From NeRF to 3D Gaussian Splatting, the Frontiers of Text-to-3D

6 min readNov 19, 2023

Text-to-3D, to generating countless 3D meshs by simply provide a few text descriptions. It was commonly believed as an unrealistic wild sc-fi imagination just a few years ago, and now it’s almost within our reach!

This article walks you through the powerhouse behind those technical miracles and the current state-of-the-art Text-to-3D methods.

Neural Radiance Field (NeRF)

NeRF is an popular approach towards inverse rendering in which a volumetric raytracer is combined with a neural mapping from spatial coordinates to color and volumetric density.

Originally, NeRF was found to work well for “classic” 3D reconstruction tasks: many images of a scene are provided as input to a model, and a NeRF is optimized to recover the geometry of that specific scene, which allows for novel views of that scene from unobserved angles to be synthesized.

3D Gaussian Splatting (3DGS)

3DGS is, at its core, a rasterization technique. That means:

Have data describing the scene.
Draw the data on the screen.

The rasterization involves:

Project each gaussian into 2D from the camera perspective.
Sort the gaussians by depth.
For each pixel, iterate over each gaussian front-to-back, blending them together.

Procedure of the 3DGS algorithm:

Use the Structure from Motion (SfM) method to estimate a point cloud from a set of images
Convert each point to a gaussian field, however, only position and color can be inferred from the SfM data, so we need to train a representation that yields high quality results
The training procedure uses Stochastic Gradient Descent, similar to a neural network, but without the layers.

The training steps are:

Rasterize the gaussians to an image using Differentiable Gaussian Rasterization
Calculate the loss based on the difference between the rasterized image and ground truth image
Adjust the gaussian parameters according to the loss
Apply automated densification and pruning

Steps 1–3 are conceptually pretty straightforward. Step 4 involves the following:

If the gradient is large for a given gaussian (i.e. it’s too wrong), split/clone it
If the gaussian is small, clone it
If the gaussian is large, split it
If the alpha of a gaussian gets too low, remove it

This procedure helps the gaussians better fit fine-grained details, while pruning unnecessary gaussians.
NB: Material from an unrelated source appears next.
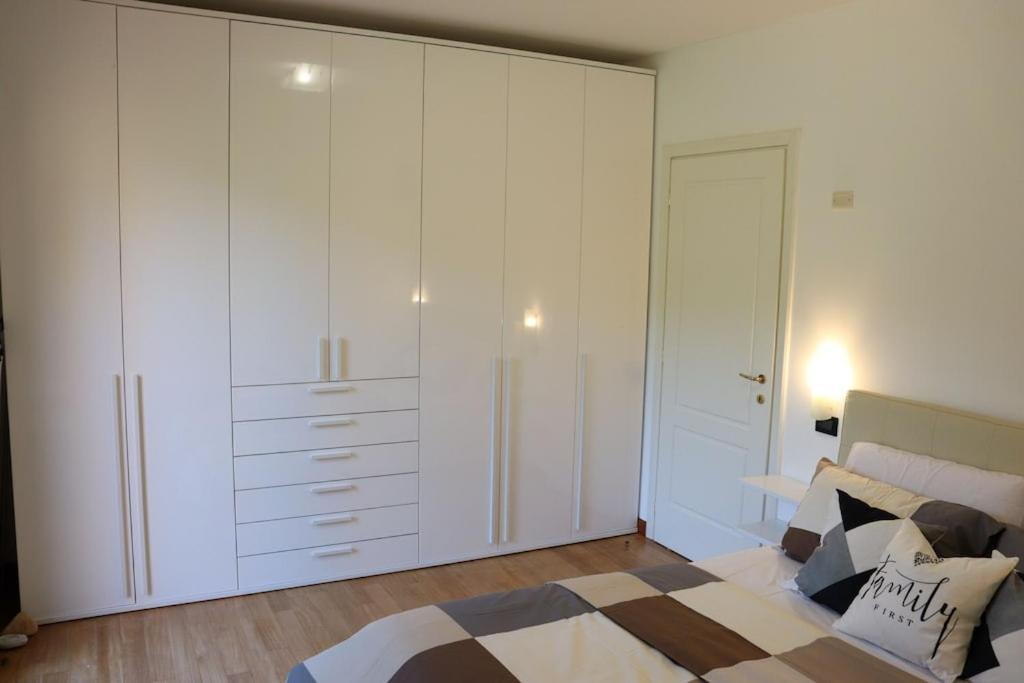 Appartement Dans Un Terrain De Golf, 5 Min De La Mer En Voiture, Parking Gratuit Cogoleto Zewnętrze zdjęcie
It’s also essential that the rasterizer is differentiable, so that it can be trained with stochastic gradient descent. However, this is only relevant for training — the trained gaussians can also be rendered with a non-differentiable approach.

Dreamers of Text-to-3D

First Dreamer

About a year ago, the DreamFusion: Text-to-3D using 2D Diffusion came out as the first research to leverage a pretrained 2D text-to-image diffusion model as prior for optimize a randomly-initialized 3D model (NeRF) via gradient descent, such that its 2D renderings from random angles looks like the images generated from the 2D diffusion model.
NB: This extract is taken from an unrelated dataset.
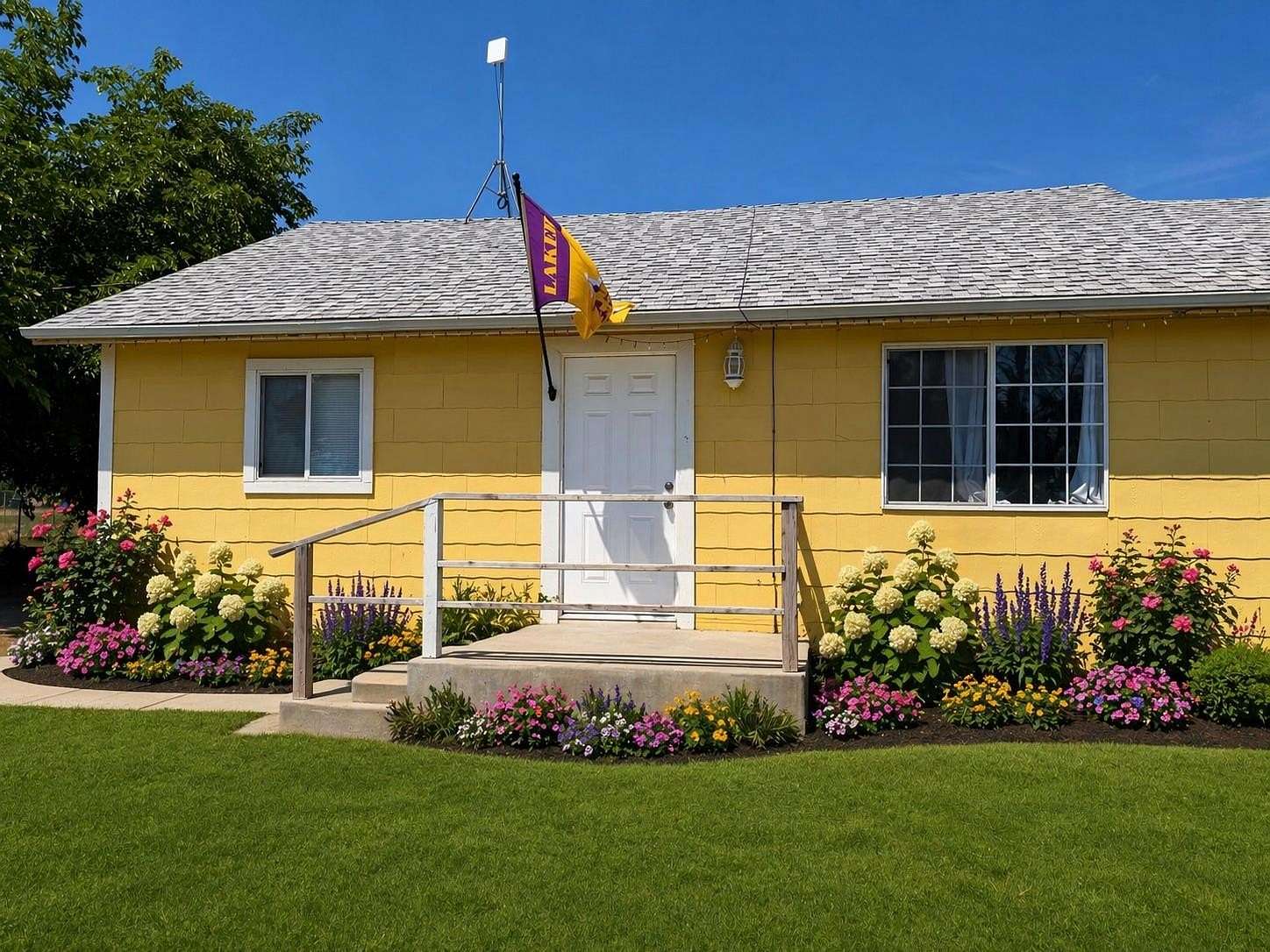 13.8 Acres of Land with Home for Sale in Reedley, California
One of the main contribution of the Dreamfusion is that it introduced Score Distillation Sampling (SDS) Loss

SDS loss ensures the 3D models that look like good images when rendered from random angles. Achieve this by:

3D models are specified as a differentiable image parameterization (DIP), where a differentiable generator g transforms parameters θ to create an image x = g(θ)
Passing a rendered image of a 3D model through the denoiser U-Net, and backpropagating to update the parameters θ. In practice, SDS loss ****omitting the U-Net Jacobian term, because it’s expensive to compute and did not produce realistic samples.
Score in Score Distillation Sampling means the negative predicted noise scaled according to the time-step.

More Dreamers

On 28 Sep 2023, approximately one and half month after the 3DGS paper droped, two works with the similar design principles based on 3DGS and the training procedure at the core of Dreamfusion published.
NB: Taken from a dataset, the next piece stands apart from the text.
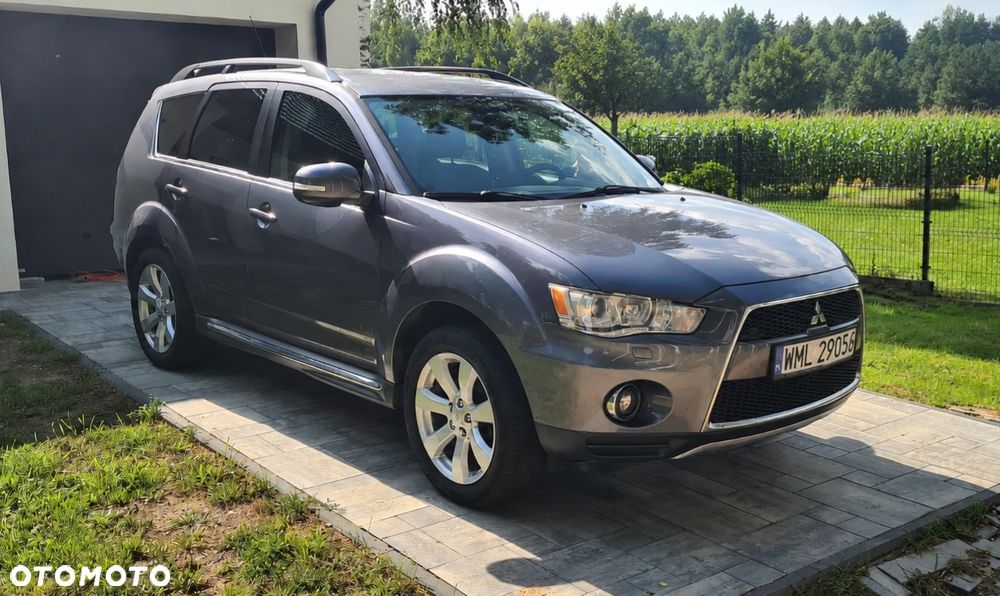 Mitsubishi Outlander - 1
One is DreamGaussian: Generative Gaussian Splatting for Efficient 3D Content Creation

DreamGaussian observed that the generated Gaussians in the 1st step often look blurry and lack details even with longer SDS training iterations. This could be explained by the ambiguity of SDS loss. Since each optimization step may provide inconsistent 3D guidance, it’s hard for the algorithm to correctly densify the under-reconstruction regions or prune over-reconstruction regions as in reconstruction. It is this observation that leads to the designs of mesh extraction and texture refinement stage.

Following are some generated results compare to other methods. Note the part of model is blurry when lack of consistent reference image at corresponding camera angle, since this method also incorporates MSE loss between generated image and input reference image during UV-Space Texture Refinement stage.

Another paper is GSGEN: Text-to-3D using Gaussian Splatting

In order to keep the shape of generated 3D Gaussians while refine its appearance, instead of constrain the shape of bake the Gaussians into a 3D mesh and refine its appearance directly in the pixel space like what DreamGaussian does, GSGEN introduced Compactness-based Densification as a supplement to positional gradient-based split in 3DGS.

The problem Compactness-based Densification trying to solve is: Due to the stochastic nature of SDS loss, employing a small threshold is prone to be misled by some stochastic large gradient thus generating an excessive number of Gaussians, whereas a large threshold will lead to a blurry appearance.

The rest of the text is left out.